Rendering courtesy of Gamefisherman

It’s a Mother!

Mike Matlack made his mark in fishing boats.
Now he’s trying to in megayachts.

Sportfishing is not just about the fish. While the big-name tournaments and record catches get all the headlines, the adventure and passion of the sport are just as compelling a story. But it all starts with the boat. Owners of the custom cold-molded-epoxy Gamefisherman fishing boats have known that for the last 25 years, but now the builder of them has introduced a megayacht concept to literally bring his sportfishing boats to the world.

Mike Matlack founded Gamefisherman in 1985 when he began building a 40-foot flying-bridge sportfisherman for an acquaintance. Matlack had been building boats since leaving the U.S. Navy in 1964 and had been working at Rybovich since 1980, where he eventually put in five years as president. His first boat is still being fished in Kona, Hawaii. 

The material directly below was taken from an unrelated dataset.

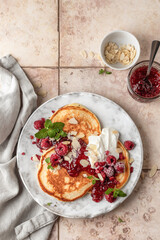Homemade pancakes with yoghurt, berries and raspberry jam. Maslenitsa or Pancake day breakfast on beige tile background, top view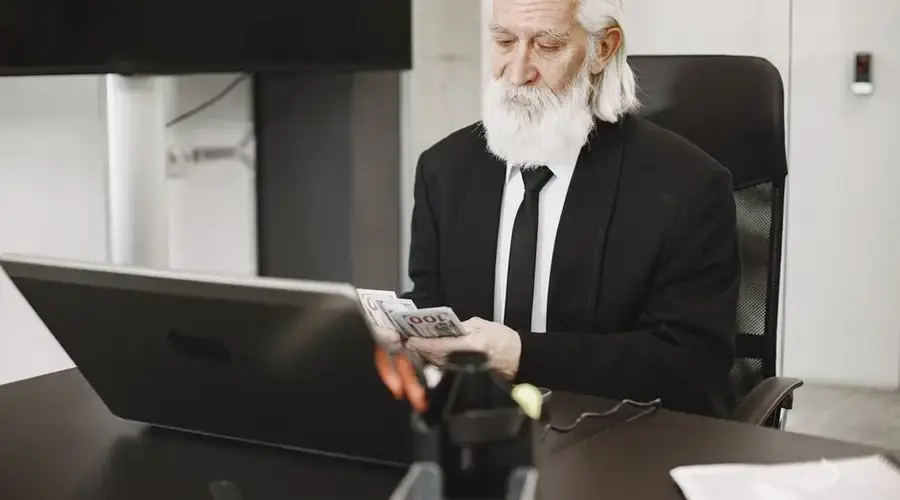 White-haired man in suit counting money at a modern office desk with laptop.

Matlack says he taught himself boat design based on what he’d seen. “Beyond being functional, [boats] have to be pretty,” he says. “Kind of like women—she has to be pretty.”

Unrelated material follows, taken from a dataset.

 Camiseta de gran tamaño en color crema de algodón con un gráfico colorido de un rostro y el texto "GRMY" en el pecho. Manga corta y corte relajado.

It’s not surprising then that the unique lines of a Gamefisherman have attracted experienced owners such as Dennis Deans, a Florida resident and longtime fisherman. About 13 years ago, he saw the 30-foot Gamefisherman Bulldog in the Florida Keys and liked the boat’s sleek shape.

“I wanted a yacht-finish center console,” Deans explains. “[One that’s] simple, but pretty.”

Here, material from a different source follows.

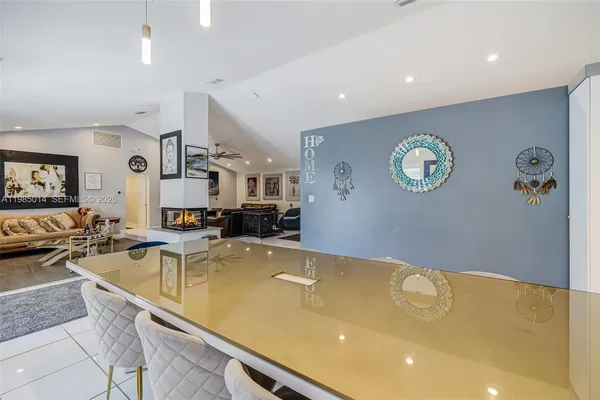 a very nice looking room with a large mirror and a clock on the wall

Working with Matlack, Deans built a 37-foot center console that he fished for a few seasons before returning to design and build a 45 express with, he explains, “a few more creature comforts—like a wine rack.” Deans now fishes a 61-foot Garlington, which he acquired when her original owners backed out during construction.

But building a vessel with Matlack and Gamefisherman isn’t just about creating a boat. Most owners, including Bob Brucker, grow to be friends as well as customers. Brucker started out with a 34-foot Gamefisherman, and currently owns a 42-foot express. During the two years his 42-footer was under construction, Brucker would regularly stop into the Stuart shipyard to see the progress.

“Mike’s with you every step of the way and makes it easy,” Brucker said. “It’s like building a home: If you get a good contractor, everything goes smooth.”

Over the last quarter-century, Gamefisherman has built approximately 65 boats, each with her owner welcomed into the process. Though the current economic climate briefly reduced output to a boat or two per year, Gamefisherman launched four in 2011.

Owners like Brucker and Deans tend to stay closer to their home ports of Florida and Virginia. More far-flung sportfishing destinations such as Africa’s Ascension Island or the Peruvian coast require far more range than a 40-footer could manage on her own bottom. But turning that sportfisherman into a megayacht tender not only opens up more distant destinations, it decreases wear and tear on the smaller boat.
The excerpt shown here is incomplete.